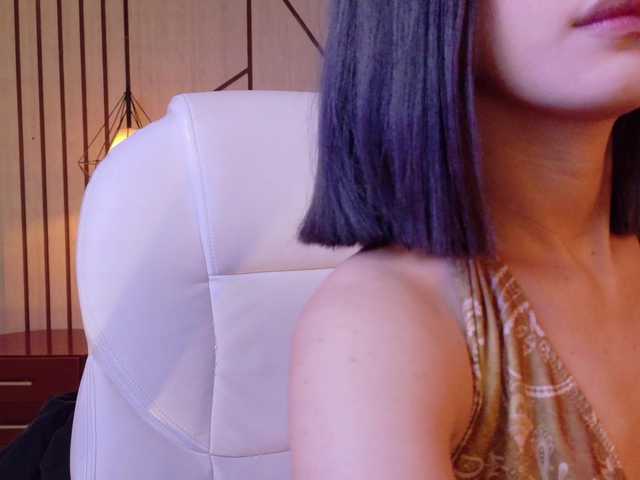 LeahSaenz live webcam show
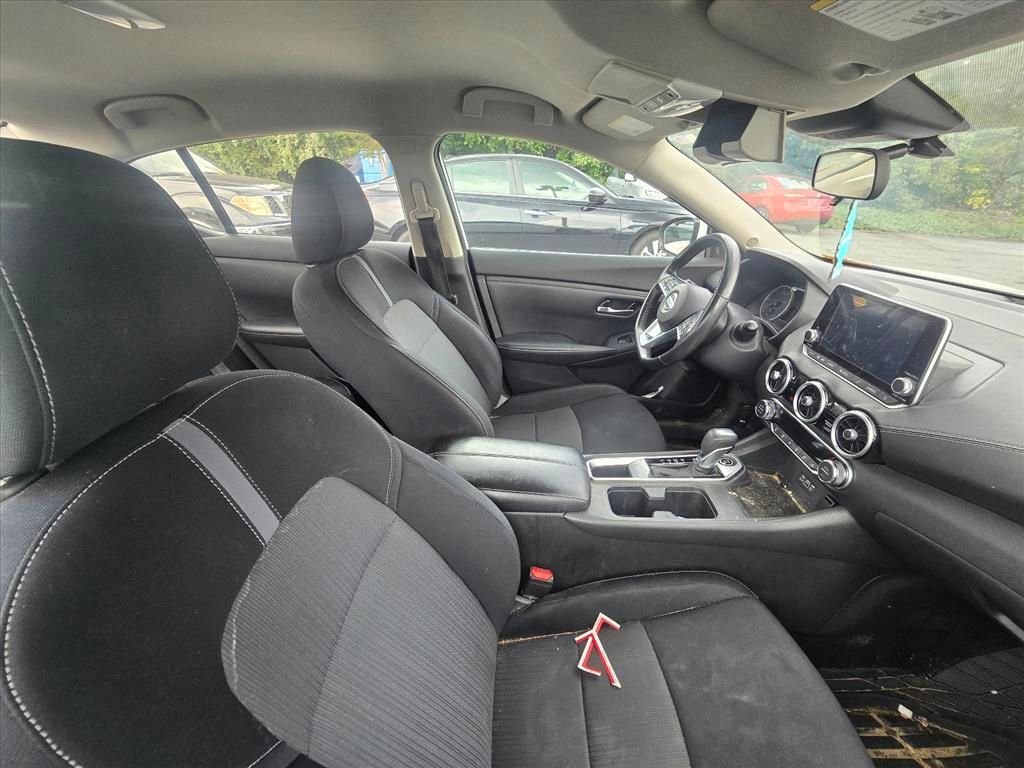 Used 2021 White Nissan SV image 5
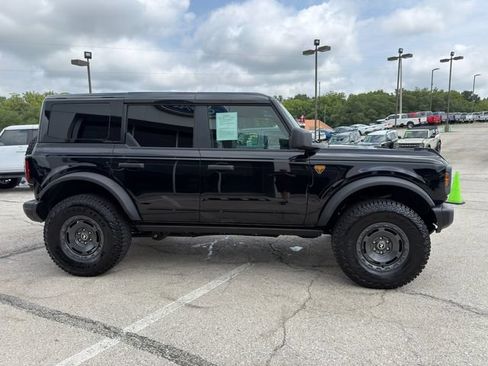 Used 2025 Ford Bronco Badlands w/ Sasquatch Package AWD/4WD image 8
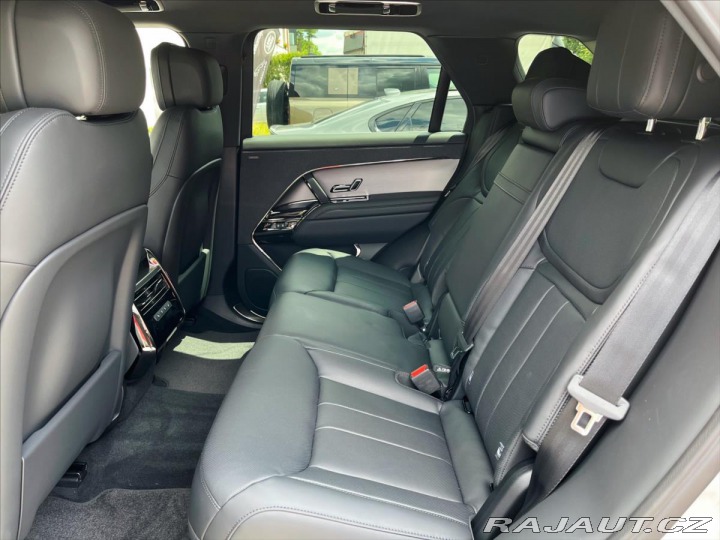 Land Rover Range Rover Sport 3,0 Dynamic SE P460e PHEV 2025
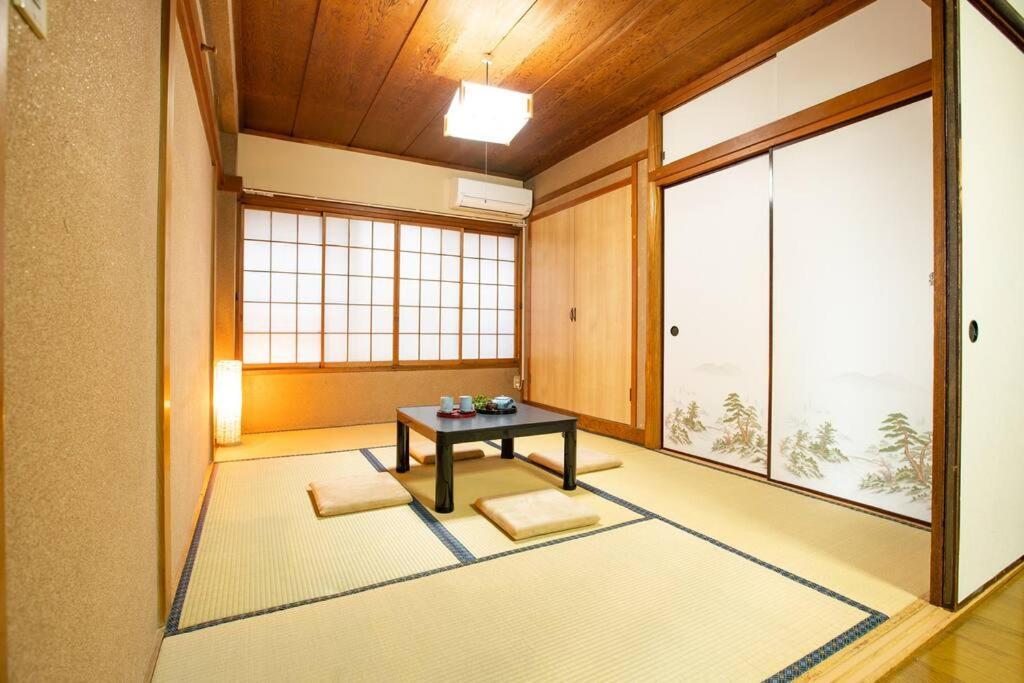 Ferienwohnung 泊露hakuro 3階 Präfektur Tokio Exterior foto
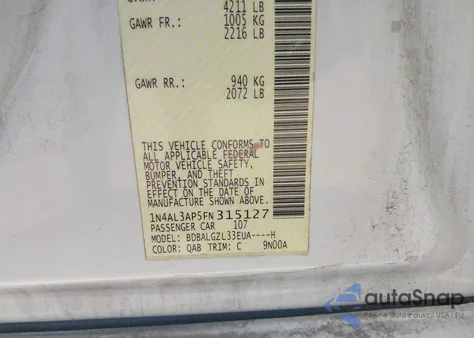 2015 Nissan Altima 2.5 S z USA, uszkodzony, nr VIN 1N4AL3AP5FN315127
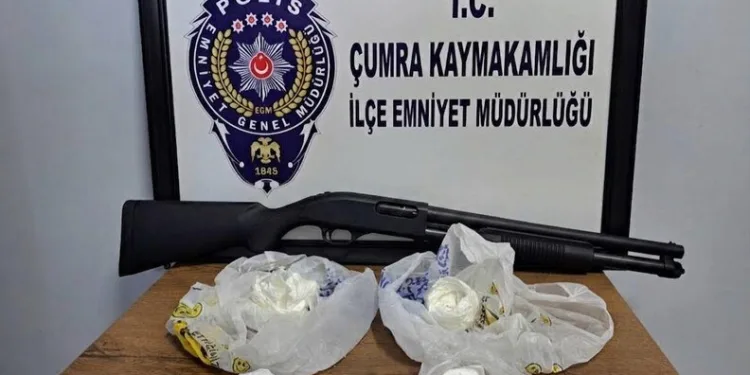 İstanbul’da üç günlük narkotik bilançosu: 188 şüpheli yakalandı, adreslerden yüzlerce kilo uyuşturucu madde çıktı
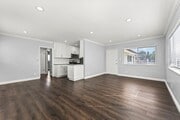 Photo - 1015 Ashland Ave Apartment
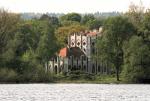 Blick vom Hafen zur Pfaueninsel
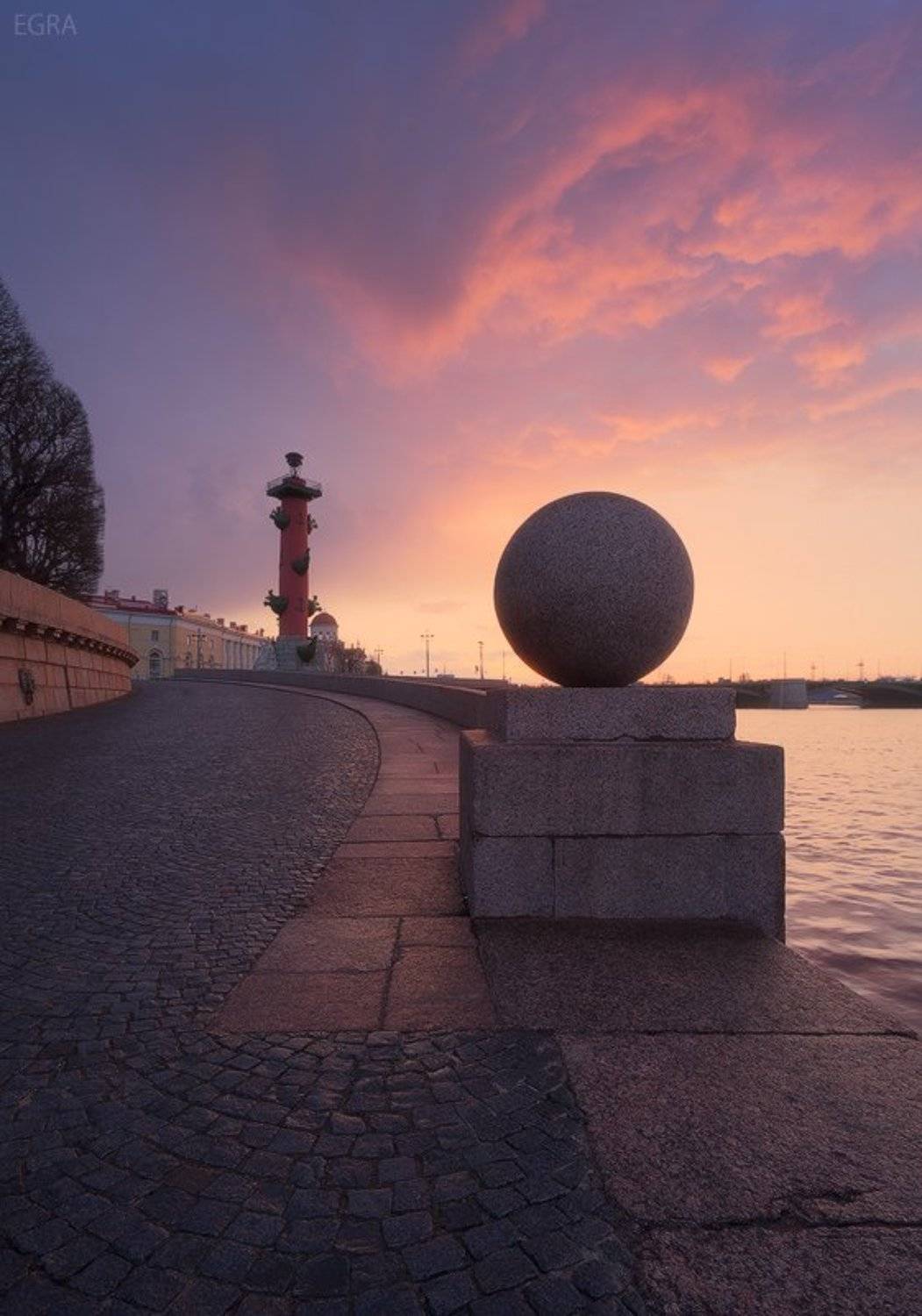 стрелка и дракон. Автор: EGRA Васильевский остров, Дракон, Санкт-петербург, EGRA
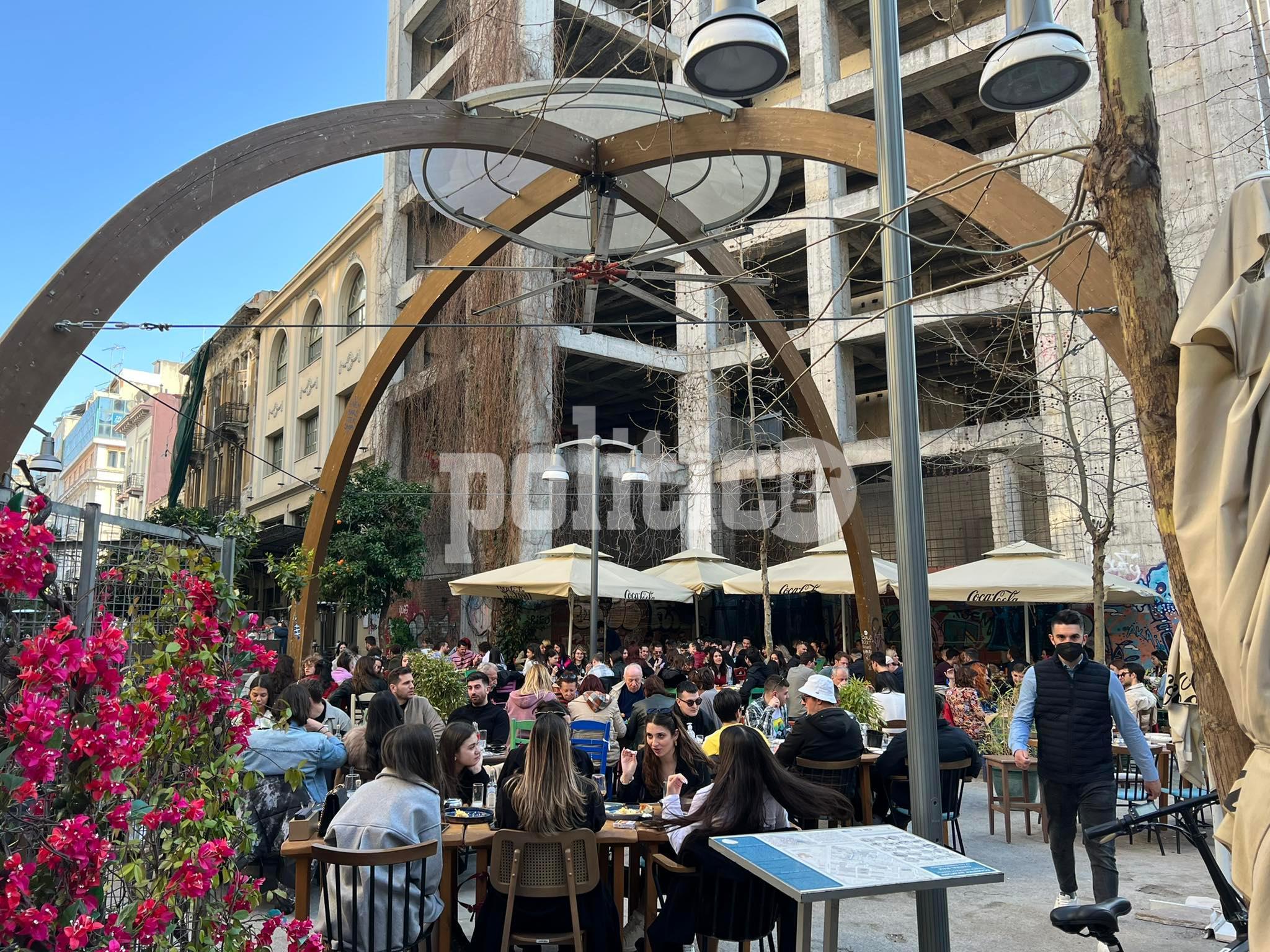 Θεσσαλονίκη: Πλημμύρισαν από κόσμο τα Λαδάδικα ανήμερα της 25ης Μαρτίου (pics)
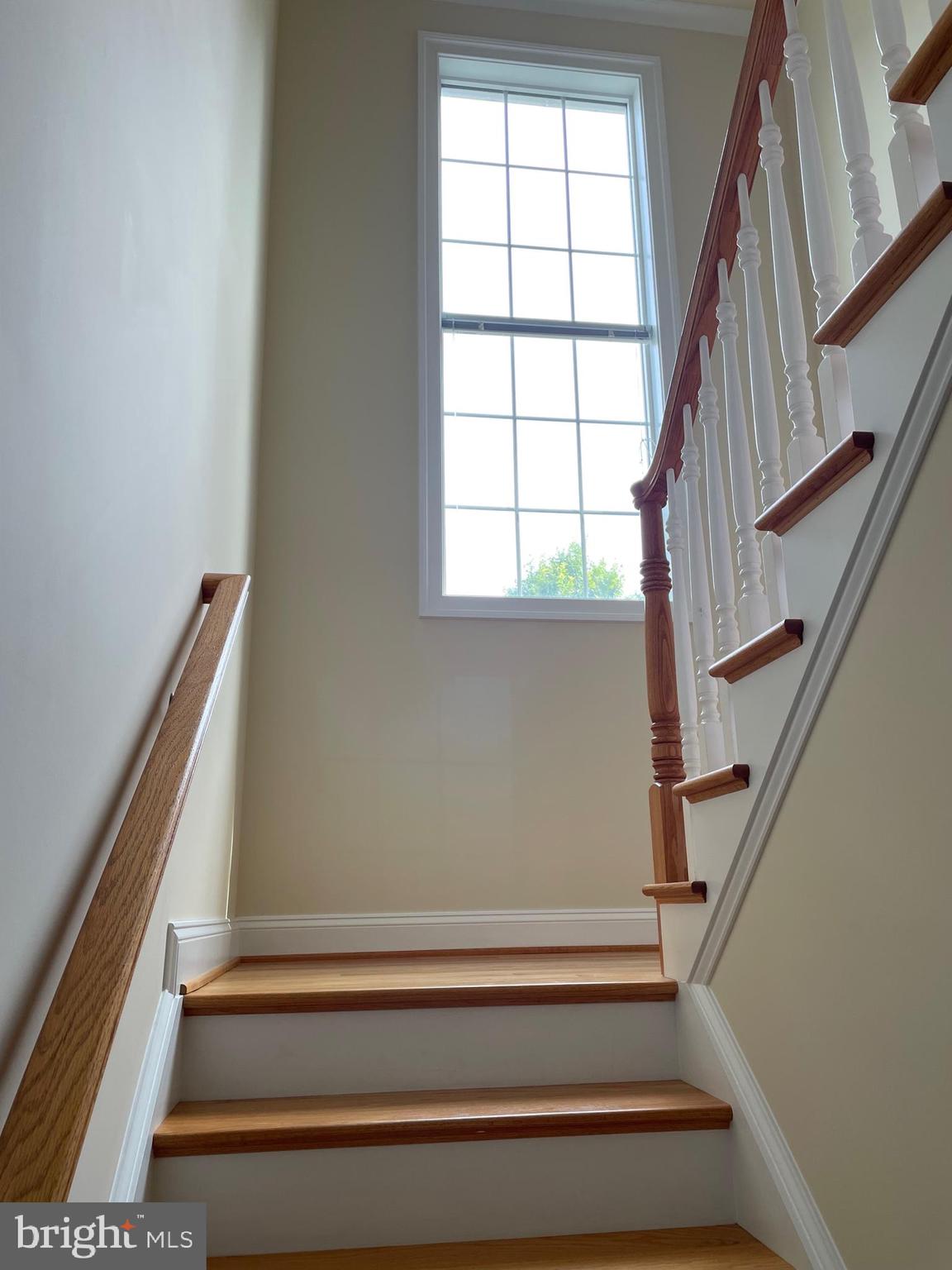 EAST FALLS CHURCH - Residential Lease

▶ **Exercise details**
Reproduce each entry word for word and cut the images.

▶ **Response area**
 LeahSaenz live webcam show
 Used 2021 White Nissan SV image 5
 Used 2025 Ford Bronco Badlands w/ Sasquatch Package AWD/4WD image 8
 Land Rover Range Rover Sport 3,0 Dynamic SE P460e PHEV 2025
 Ferienwohnung 泊露hakuro 3階 Präfektur Tokio Exterior foto
 2015 Nissan Altima 2.5 S z USA, uszkodzony, nr VIN 1N4AL3AP5FN315127
 İstanbul’da üç günlük narkotik bilançosu: 188 şüpheli yakalandı, adreslerden yüzlerce kilo uyuşturucu madde çıktı
 Photo - 1015 Ashland Ave Apartment
 Blick vom Hafen zur Pfaueninsel
 стрелка и дракон. Автор: EGRA Васильевский остров, Дракон, Санкт-петербург, EGRA
 Θεσσαλονίκη: Πλημμύρισαν από κόσμο τα Λαδάδικα ανήμερα της 25ης Μαρτίου (pics)
 EAST FALLS CHURCH - Residential Lease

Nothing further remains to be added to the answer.